PROVIDED ENTRIES
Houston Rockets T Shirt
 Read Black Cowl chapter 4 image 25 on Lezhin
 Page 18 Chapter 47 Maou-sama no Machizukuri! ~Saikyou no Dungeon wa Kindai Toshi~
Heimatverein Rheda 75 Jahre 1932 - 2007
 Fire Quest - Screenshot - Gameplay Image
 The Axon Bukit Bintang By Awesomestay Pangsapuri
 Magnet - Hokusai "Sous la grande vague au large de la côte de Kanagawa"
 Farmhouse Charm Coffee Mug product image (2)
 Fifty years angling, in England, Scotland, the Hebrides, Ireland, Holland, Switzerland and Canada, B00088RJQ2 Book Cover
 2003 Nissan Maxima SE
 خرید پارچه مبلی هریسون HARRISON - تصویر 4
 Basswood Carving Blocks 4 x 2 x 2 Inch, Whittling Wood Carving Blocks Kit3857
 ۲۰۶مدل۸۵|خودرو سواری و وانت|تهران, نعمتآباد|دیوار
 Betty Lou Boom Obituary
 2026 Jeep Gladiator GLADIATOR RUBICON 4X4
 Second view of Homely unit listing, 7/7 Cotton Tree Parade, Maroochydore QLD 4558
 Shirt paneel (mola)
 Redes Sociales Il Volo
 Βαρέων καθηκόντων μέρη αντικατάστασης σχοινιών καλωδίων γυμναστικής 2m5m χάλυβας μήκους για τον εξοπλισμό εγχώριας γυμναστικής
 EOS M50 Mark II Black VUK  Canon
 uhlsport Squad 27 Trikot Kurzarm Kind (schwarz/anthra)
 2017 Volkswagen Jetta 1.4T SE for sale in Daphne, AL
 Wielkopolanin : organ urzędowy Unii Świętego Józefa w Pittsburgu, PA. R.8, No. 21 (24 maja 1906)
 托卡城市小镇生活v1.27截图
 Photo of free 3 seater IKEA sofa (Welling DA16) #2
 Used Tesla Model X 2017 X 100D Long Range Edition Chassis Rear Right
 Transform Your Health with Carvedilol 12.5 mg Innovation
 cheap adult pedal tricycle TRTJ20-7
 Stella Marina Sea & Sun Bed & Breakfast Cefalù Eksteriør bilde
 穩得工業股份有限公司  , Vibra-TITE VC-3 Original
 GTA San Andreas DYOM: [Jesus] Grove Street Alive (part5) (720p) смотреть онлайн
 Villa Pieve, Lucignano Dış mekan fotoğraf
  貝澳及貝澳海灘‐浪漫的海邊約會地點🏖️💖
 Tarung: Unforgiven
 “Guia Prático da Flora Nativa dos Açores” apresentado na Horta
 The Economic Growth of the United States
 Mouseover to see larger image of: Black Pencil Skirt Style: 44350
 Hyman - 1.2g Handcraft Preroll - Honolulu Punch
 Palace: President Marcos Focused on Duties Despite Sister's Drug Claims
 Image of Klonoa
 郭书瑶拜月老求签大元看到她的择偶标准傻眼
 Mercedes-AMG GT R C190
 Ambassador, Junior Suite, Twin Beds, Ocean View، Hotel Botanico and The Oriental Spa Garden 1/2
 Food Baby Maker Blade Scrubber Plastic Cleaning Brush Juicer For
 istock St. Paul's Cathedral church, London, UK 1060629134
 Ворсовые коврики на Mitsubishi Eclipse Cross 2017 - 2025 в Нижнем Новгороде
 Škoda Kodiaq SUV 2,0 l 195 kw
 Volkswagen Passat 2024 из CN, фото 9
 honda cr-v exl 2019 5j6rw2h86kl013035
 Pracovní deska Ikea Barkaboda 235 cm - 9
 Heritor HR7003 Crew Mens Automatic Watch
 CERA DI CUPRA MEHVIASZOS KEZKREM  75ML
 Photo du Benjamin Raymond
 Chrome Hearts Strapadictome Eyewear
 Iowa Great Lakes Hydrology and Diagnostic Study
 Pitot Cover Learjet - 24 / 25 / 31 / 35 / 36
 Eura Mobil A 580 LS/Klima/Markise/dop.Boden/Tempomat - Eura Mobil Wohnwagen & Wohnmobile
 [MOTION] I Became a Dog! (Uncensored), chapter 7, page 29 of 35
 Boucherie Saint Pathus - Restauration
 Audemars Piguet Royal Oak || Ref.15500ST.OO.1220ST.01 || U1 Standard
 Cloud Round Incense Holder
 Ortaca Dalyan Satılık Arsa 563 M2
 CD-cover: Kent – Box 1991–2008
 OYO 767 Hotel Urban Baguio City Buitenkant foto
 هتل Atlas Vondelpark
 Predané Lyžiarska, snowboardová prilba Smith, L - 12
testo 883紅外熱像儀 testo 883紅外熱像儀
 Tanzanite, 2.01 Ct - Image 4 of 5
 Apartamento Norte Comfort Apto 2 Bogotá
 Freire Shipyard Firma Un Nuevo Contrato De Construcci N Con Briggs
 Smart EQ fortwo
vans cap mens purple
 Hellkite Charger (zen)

INSTRUCTIONS TO FOLLOW
Reproduce each line of the material that mentions "Hotel".

PROBLEM SOLUTION
 Ambassador, Junior Suite, Twin Beds, Ocean View، Hotel Botanico and The Oriental Spa Garden 1/2
 OYO 767 Hotel Urban Baguio City Buitenkant foto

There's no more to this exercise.